Imre Kovách ( Institute for Political Science of the Hungarian Academy of Sciences, Budapest), Petra Derkzen and I are organising a working group on “the governance of semi-subsistent food and farming strategies in the countryside and city- a compartive perspective” at the 24th ESRS congress in Chania (Greece) from 22-25 of August 2011. We would like to invite all interested researchers to submit their papers dealing with empirical or theoretical reflections on the driving forces, structure and mechanisms of semisubsistence food and farming strategies in the countryside and-or cities, both within developed and developing countries. Abstracts may be submitted to Imre Kovach (firstname.lastname@example.org) AND email@example.com until the 30th of April 2011. For a more detailed description of the workshop please read further…
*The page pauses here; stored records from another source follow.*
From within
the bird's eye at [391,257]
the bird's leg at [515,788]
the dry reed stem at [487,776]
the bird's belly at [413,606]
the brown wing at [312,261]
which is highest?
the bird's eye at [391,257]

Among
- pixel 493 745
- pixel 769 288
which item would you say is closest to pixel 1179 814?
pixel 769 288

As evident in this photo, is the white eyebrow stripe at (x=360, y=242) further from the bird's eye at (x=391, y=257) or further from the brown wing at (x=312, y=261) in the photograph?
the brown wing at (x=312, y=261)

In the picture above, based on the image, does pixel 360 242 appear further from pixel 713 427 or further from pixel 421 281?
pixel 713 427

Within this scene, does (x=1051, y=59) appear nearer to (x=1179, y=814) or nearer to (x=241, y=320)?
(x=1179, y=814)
Despite the policy‐driven agricultural modernization, semi‐subsistence food and farming strategies are still vibrantly present in rural but also increasingly in urban areas. This presence of ongoing and newly born alternative livelihood strategies poses important questions of how to understand current counter tendencies in farming and food provisioning. This working group therefore intents to stimulate comparative debate in order to enlarge our understanding about both rural and urban heterogeneity in governing semi‐subsistence food provisioning.
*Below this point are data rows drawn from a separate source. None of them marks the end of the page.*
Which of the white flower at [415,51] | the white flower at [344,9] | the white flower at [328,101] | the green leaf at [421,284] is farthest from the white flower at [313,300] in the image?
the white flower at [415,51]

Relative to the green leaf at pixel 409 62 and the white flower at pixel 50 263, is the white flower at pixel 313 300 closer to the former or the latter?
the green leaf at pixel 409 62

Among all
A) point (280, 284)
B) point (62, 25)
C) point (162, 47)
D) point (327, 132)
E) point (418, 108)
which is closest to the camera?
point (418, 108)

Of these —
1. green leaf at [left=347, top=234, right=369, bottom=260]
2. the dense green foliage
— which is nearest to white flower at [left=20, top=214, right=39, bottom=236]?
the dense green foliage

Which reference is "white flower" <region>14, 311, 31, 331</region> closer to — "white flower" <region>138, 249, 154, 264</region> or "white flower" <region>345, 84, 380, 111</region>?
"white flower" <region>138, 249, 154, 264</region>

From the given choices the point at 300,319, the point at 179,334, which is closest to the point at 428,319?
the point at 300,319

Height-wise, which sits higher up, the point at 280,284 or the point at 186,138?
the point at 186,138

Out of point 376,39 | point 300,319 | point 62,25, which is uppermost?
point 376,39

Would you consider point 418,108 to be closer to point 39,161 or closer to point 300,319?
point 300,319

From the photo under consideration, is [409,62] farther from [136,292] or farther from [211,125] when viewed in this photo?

In new CEE member and candidate countries, semi‐subsistence farming strategies have long been recognized as a wide‐spread rural tradition In these countries, semi‐subsistence farming strategies often serve a social safety net function and are a crucial source to supplement off‐farm income In addition, they are often regarded as a sign of independence from the government, and have symbolic value for inhabitants of former socialist and communist countries Concerning the EU enlargement, semi‐subsistence farming strategies are thus becoming an increasing rural component in the European Union.
Also within metropolitan areas, semi‐subsistence food provisioning strategies are emerging rapidly. While in developing countries, city dwellers are often driven into semisubsistence urban agriculture through a lack of resources, also in rich cities all over the world urban citizens engage in alternative food provisioning strategies to show resistance and rejection towards products of modern agriculture, to regain control over their nutrients and to somehow reconnect to nature.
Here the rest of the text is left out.